◆ **Activity**
Repeat everything in the listing exactly, except for the images.

◆ **Data**

##############################

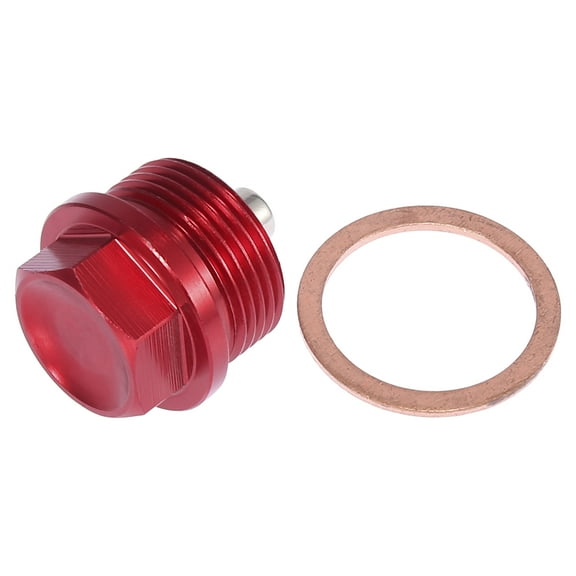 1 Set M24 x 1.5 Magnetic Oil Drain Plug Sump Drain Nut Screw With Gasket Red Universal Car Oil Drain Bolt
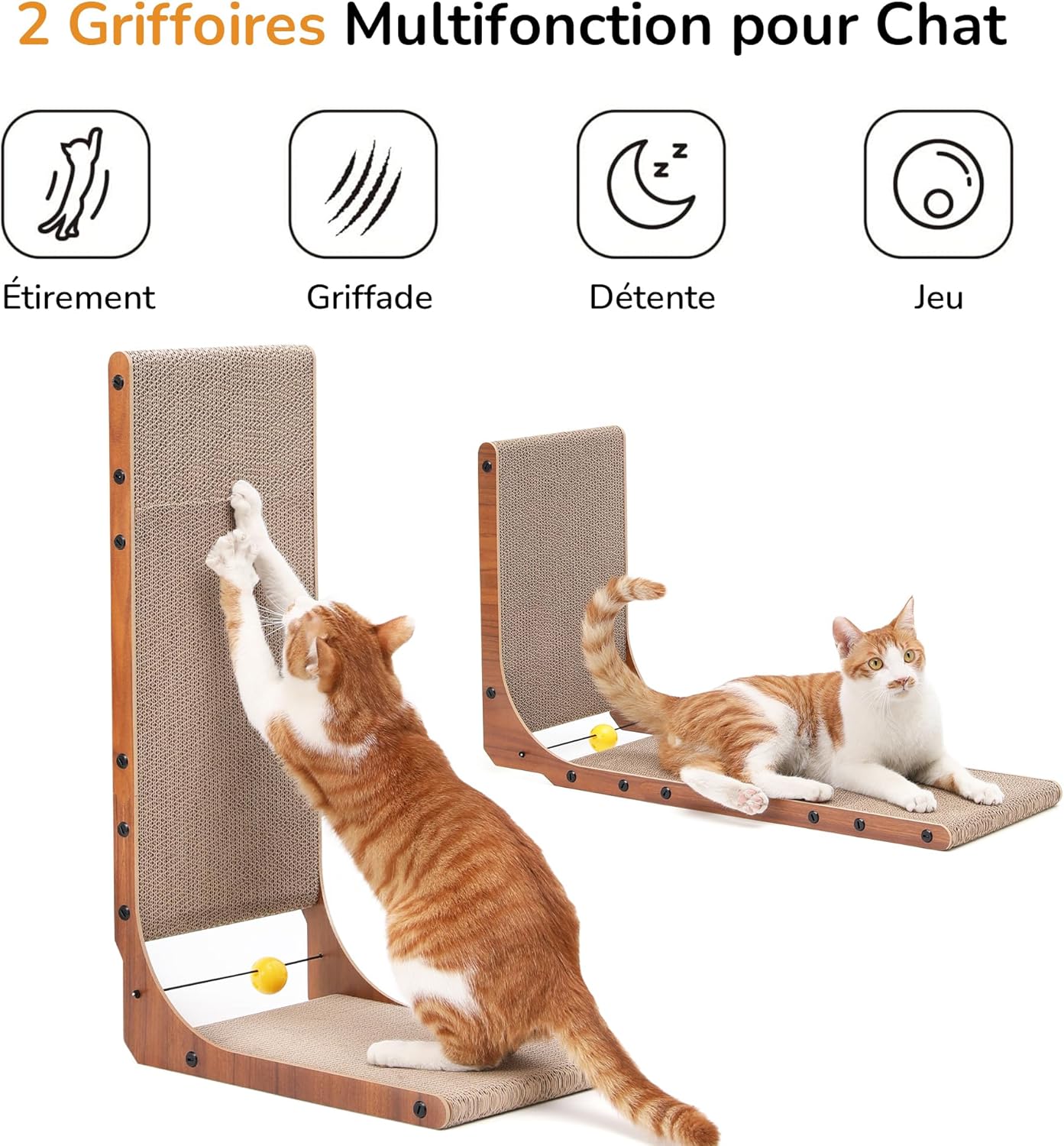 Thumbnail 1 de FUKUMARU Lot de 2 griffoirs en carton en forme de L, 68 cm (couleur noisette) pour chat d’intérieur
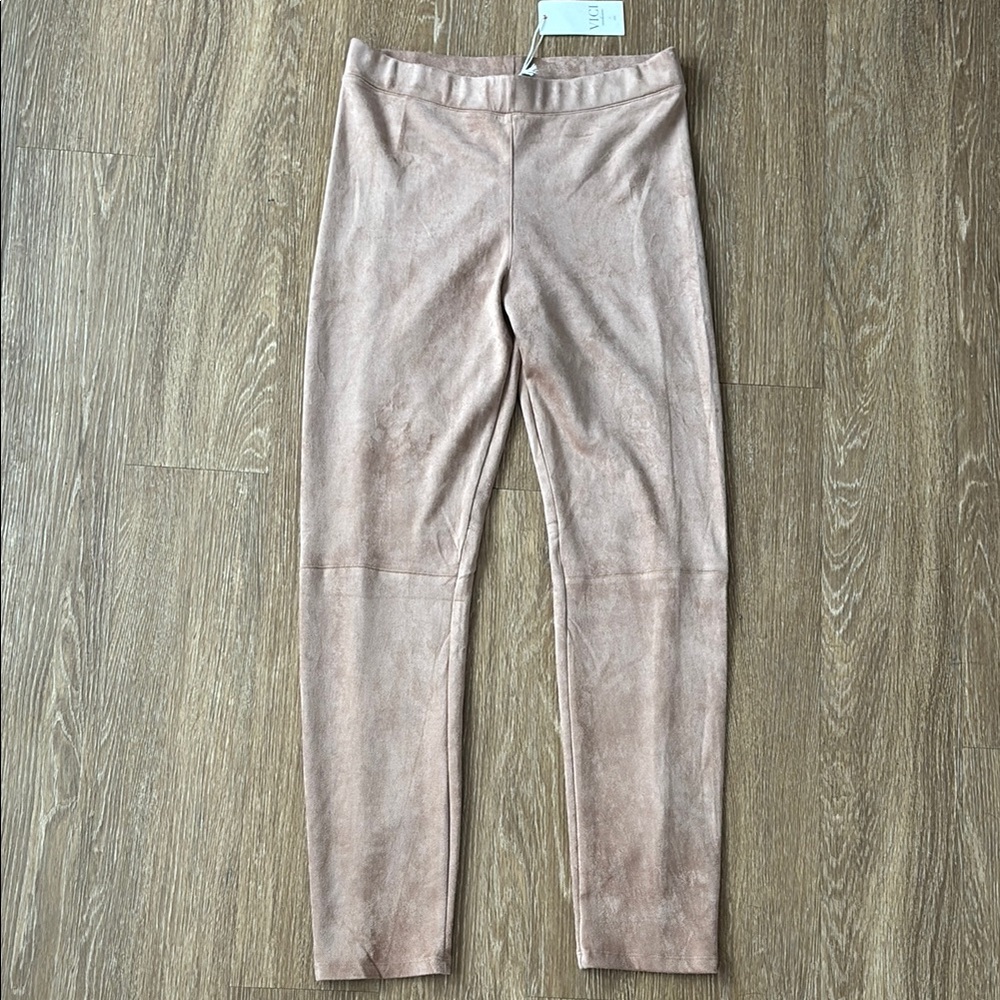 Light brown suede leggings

##############################

◆ **Exercise answer**
 1 Set M24 x 1.5 Magnetic Oil Drain Plug Sump Drain Nut Screw With Gasket Red Universal Car Oil Drain Bolt
 Thumbnail 1 de FUKUMARU Lot de 2 griffoirs en carton en forme de L, 68 cm (couleur noisette) pour chat d’intérieur
 Light brown suede leggings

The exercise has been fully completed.